Records shown:
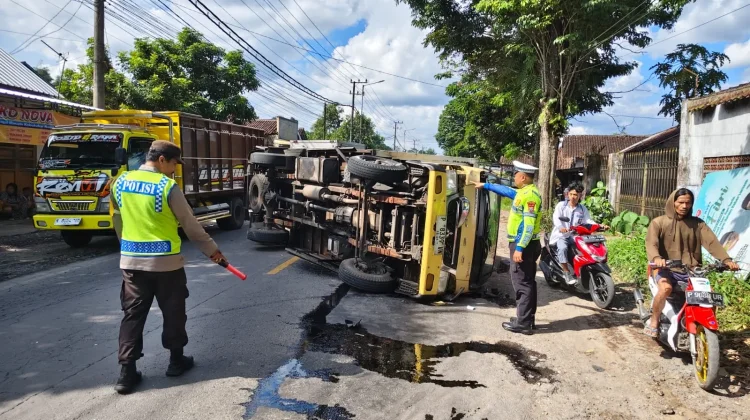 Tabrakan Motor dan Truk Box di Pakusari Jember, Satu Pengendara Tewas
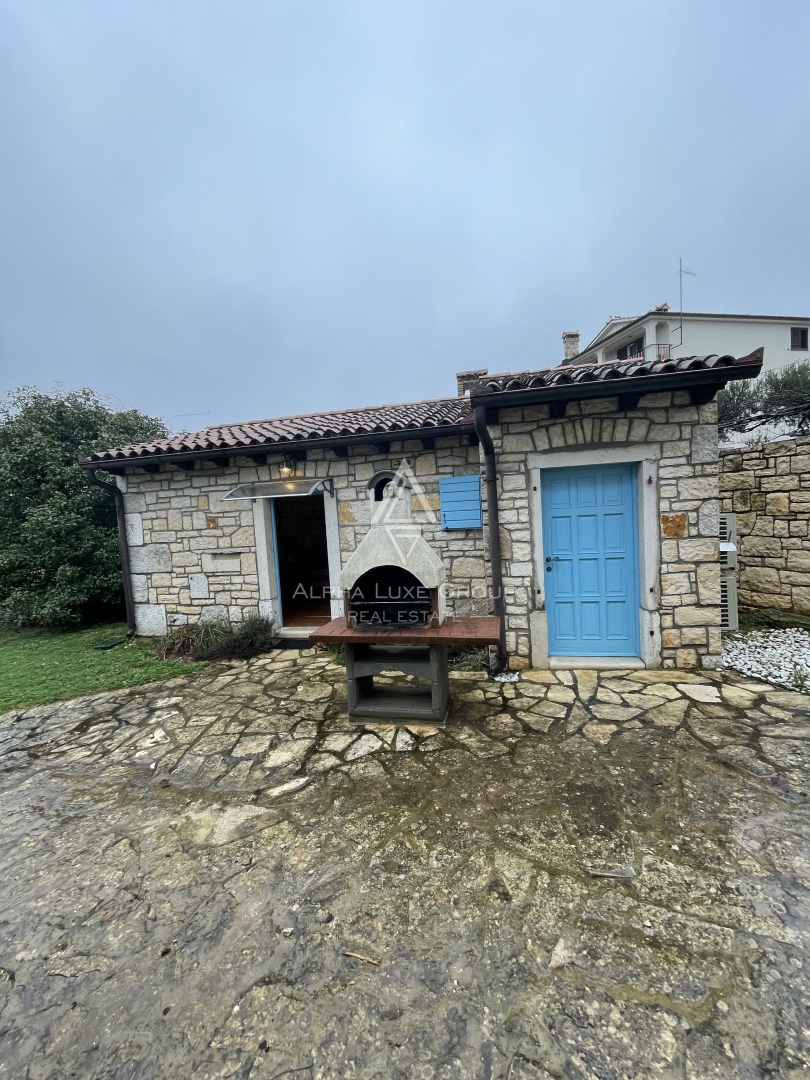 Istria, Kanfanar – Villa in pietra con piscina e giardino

--

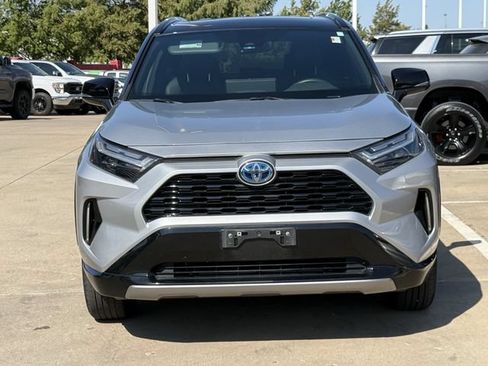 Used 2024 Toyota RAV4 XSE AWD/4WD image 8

--

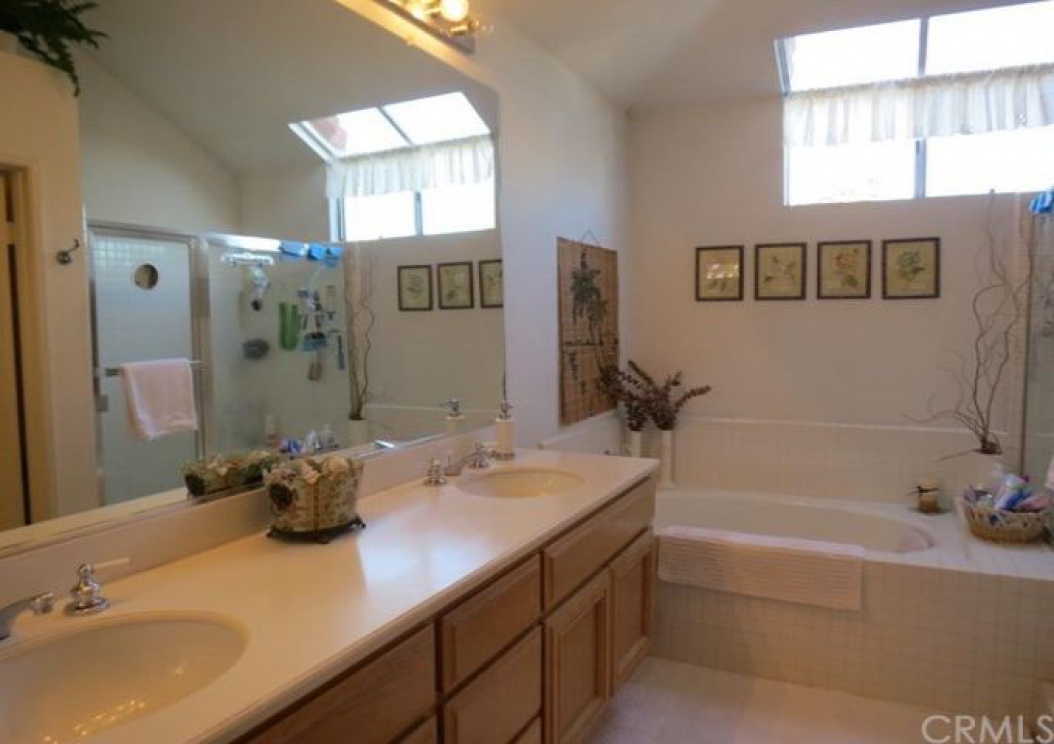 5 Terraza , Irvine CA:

What you are asked to do: In the records above, find the line containing "Tabrakan Motor dan" and the line containing "Istria, Kanfanar –", then give both of them again word for word along with every line between. Omit any pictures.

The answer:
 Tabrakan Motor dan Truk Box di Pakusari Jember, Satu Pengendara Tewas
 Istria, Kanfanar – Villa in pietra con piscina e giardino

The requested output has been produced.